I multiplied out the left two terms in the numerator, and stuck the term with the negative exponant in the denominator. I assume now from what you said above that I need to multiply the other terms by 2sqrt(x) if I want to do that. correct?

 

[cscott]

woo, I got it nevermind! Thanks for the help.

 

[assyrian_77]

You can't just take the term with the negative exponent and move it to the denominator.

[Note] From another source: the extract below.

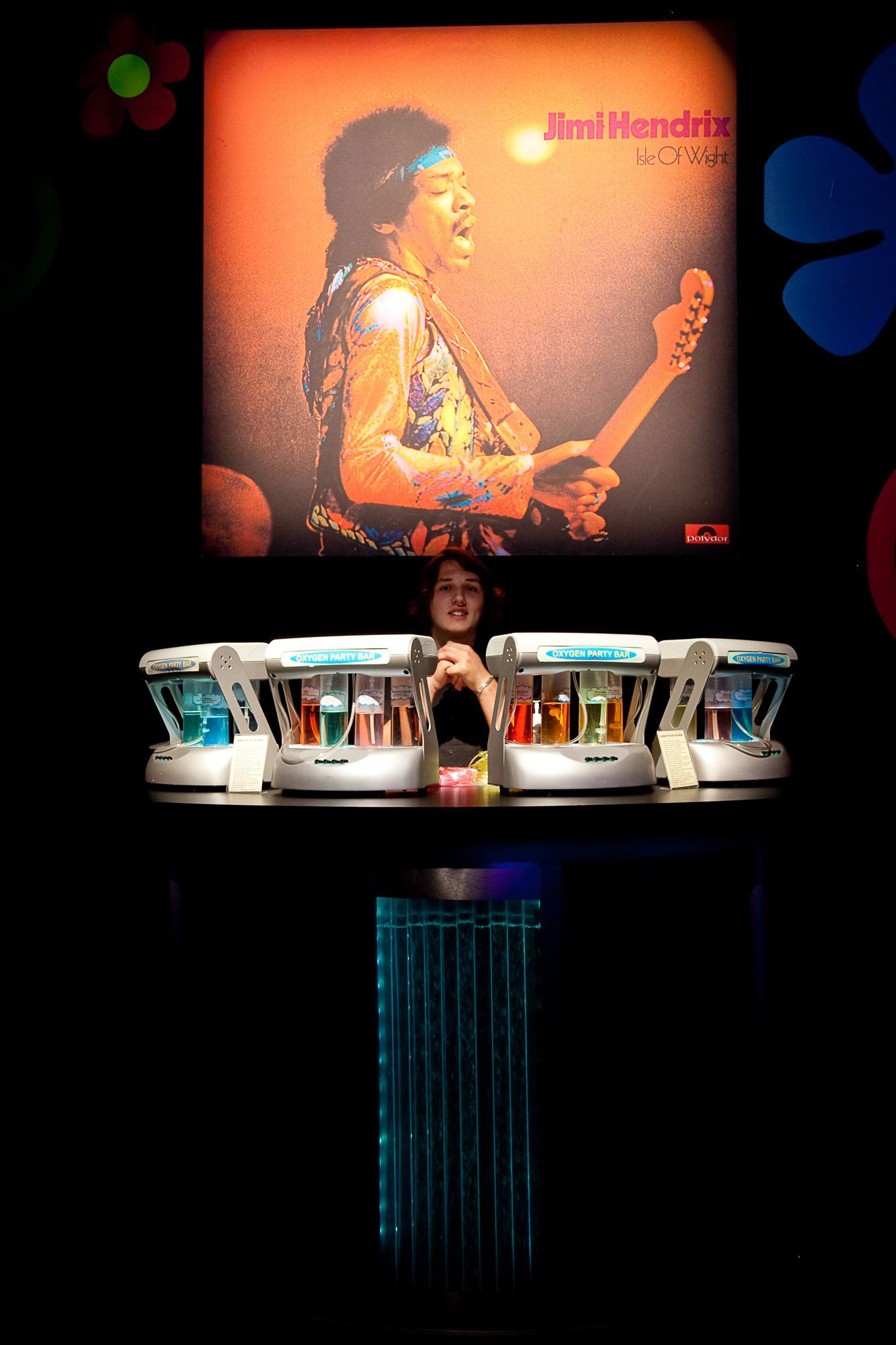 A woman standing behind a bar with colorful drink dispensers labeled 'Oxygen Party Bar' in a dark setting. Behind her is a large, projected image of Jimi Hendrix playing an electric guitar, with a vibrant background.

\frac{A-\frac{B}{C}}{D}\neq\frac{A-B}{CD}

You have to make a common denominator for the numerator (if that made sense), i.e.

\frac{A-\frac{B}{C}}{D}=\frac{AC-B}{CD}

 

[assyrian_77]

woo, I got it nevermind! Thanks for the help.

Ok, good thing.

 

[cscott]

Yeah, I saw that in posts 5-6. That was my mistake. Thanks again.